The Federal Reserve on Wednesday lowered its benchmark interest rate by 25bps even as officials remain divided over whether to focus more on high inflation or a weakening job market. The rate now stands in a new range of 3.5% to 3.75%.
Fed officials did not reach full agreement on the decision. Austan Goolsbee and Jeffrey Schmid opposed the rate cut, while Stephen Miran argued for a larger half-point cut. Inflation remains stuck above the Fed’s 2% goal, and although employers added strong job gains in September, a long hiring slowdown has pushed unemployment to its highest level since October 2021.
Data delays add to uncertainty
The government shutdown temporarily stopped data collection, delaying key economic reports. As a result, October’s unemployment rate will not be published. This lack of data has added to disagreements within the central bank.

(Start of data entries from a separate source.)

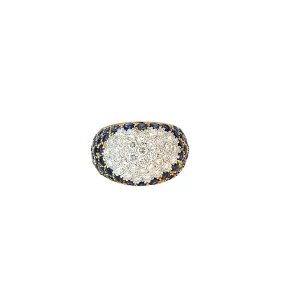 18k yellow gold 1.50ct Blue Sapphire AAA Grade and 1.25ct F VS2 Round Diamond Heart ring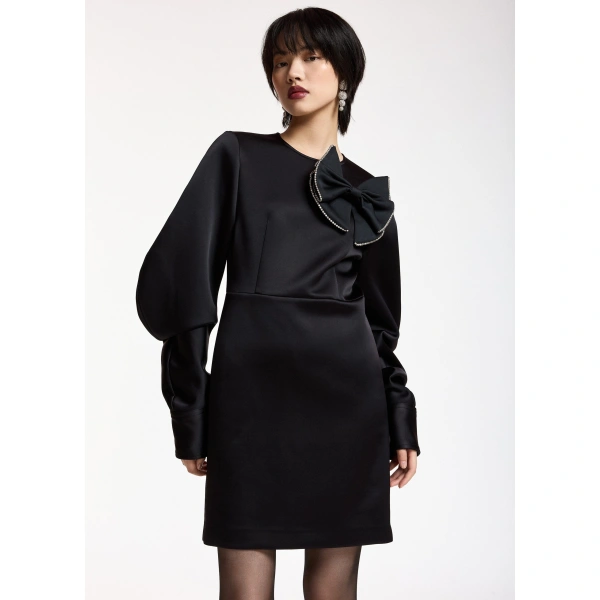 Essentiel Antwerp Black mini dress with voluminous sleeves | Mini Dresses | Coveti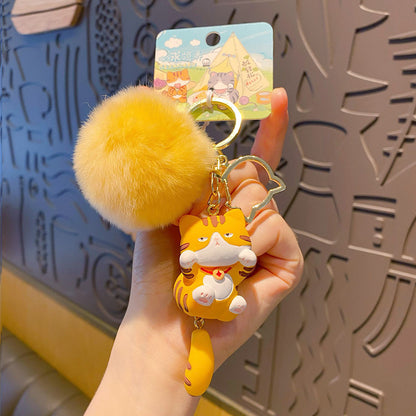 Cute Cat Plush Keychain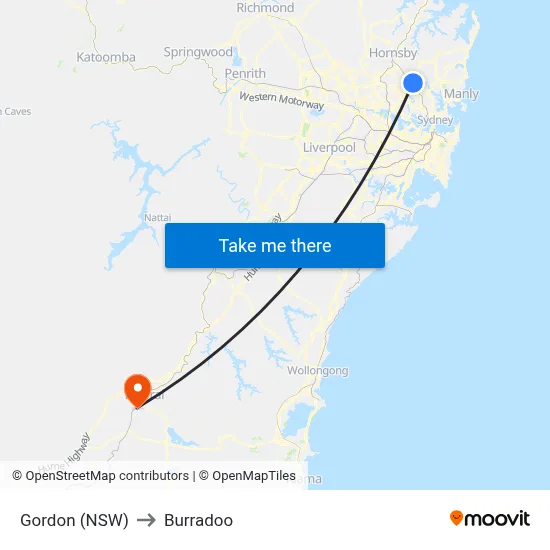 Gordon (NSW) to Burradoo map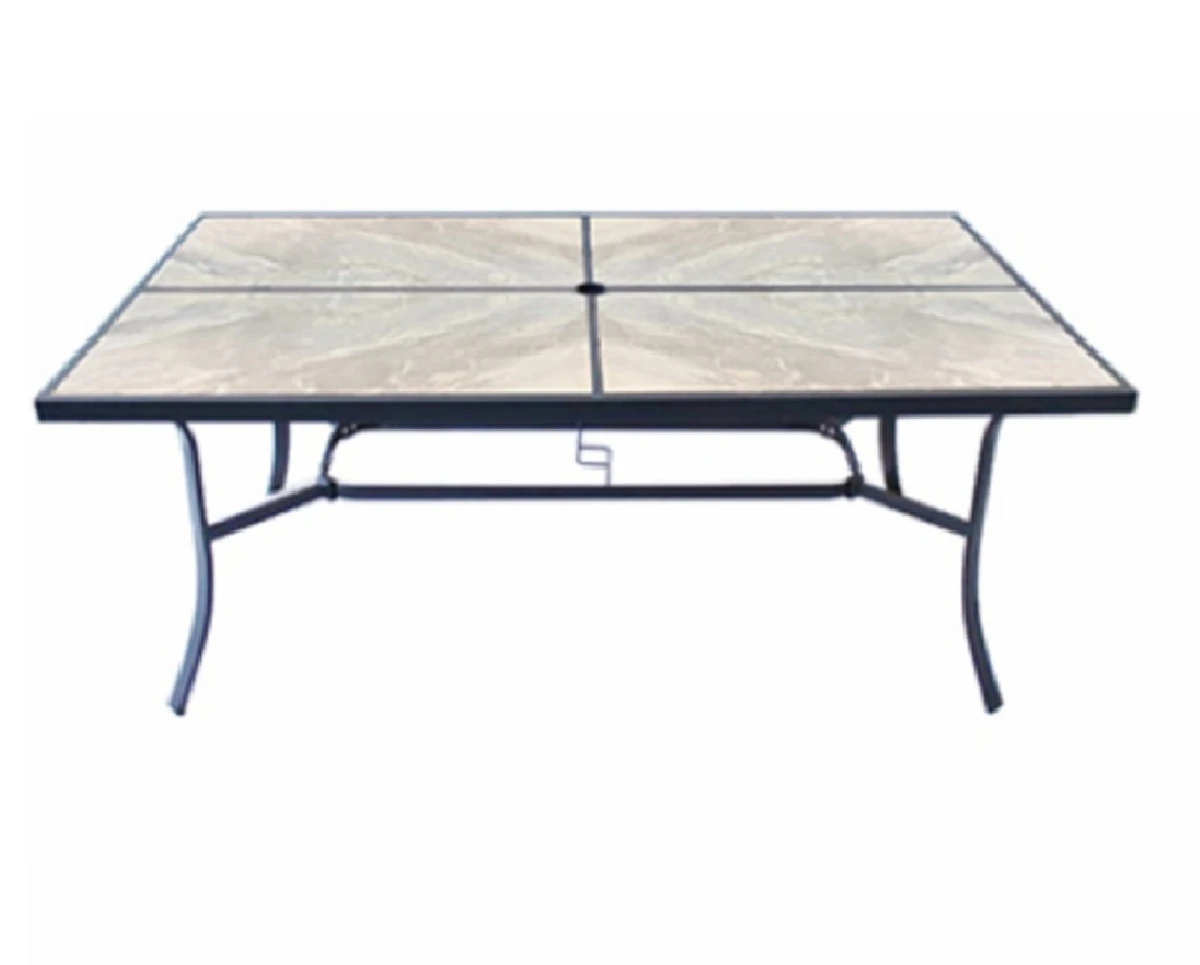 Campton Hills Dining Table, 70 In. Glass Top With Steel Frame In Gray Slate Finish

Officials have not reached full consensus on policy since the July meeting, with some worried more about inflation and others prioritising the labour market.
Previous split and ongoing debate
During the September rate vote, Miran, President Trump’s former advisor, pushed for a more aggressive 0.5-point cut. Schmid, who leads the Kansas City Federal Reserve, opposed any change and supported keeping rates steady. President Trump is expected to begin the final round of interviews this week for a new Federal Reserve chair to replace Jerome Powell. White House economic adviser Kevin Hassett is widely viewed as the leading candidate.
A new CNBC Fed Survey shows that while 84% of respondents expect President Trump to choose Kevin Hassett, the current head of the National Economic Council as the next Federal Reserve Chair, he is far from their preferred candidate. Only 11% believe Hassett is the person Trump should select.
Nearly half of those surveyed, 47%, say Fed Governor Christopher Waller is their top choice, while 23% favour Kevin Warsh. Yet confidence that Trump will choose either of them remains low, only 5% think he will pick Waller or Warsh.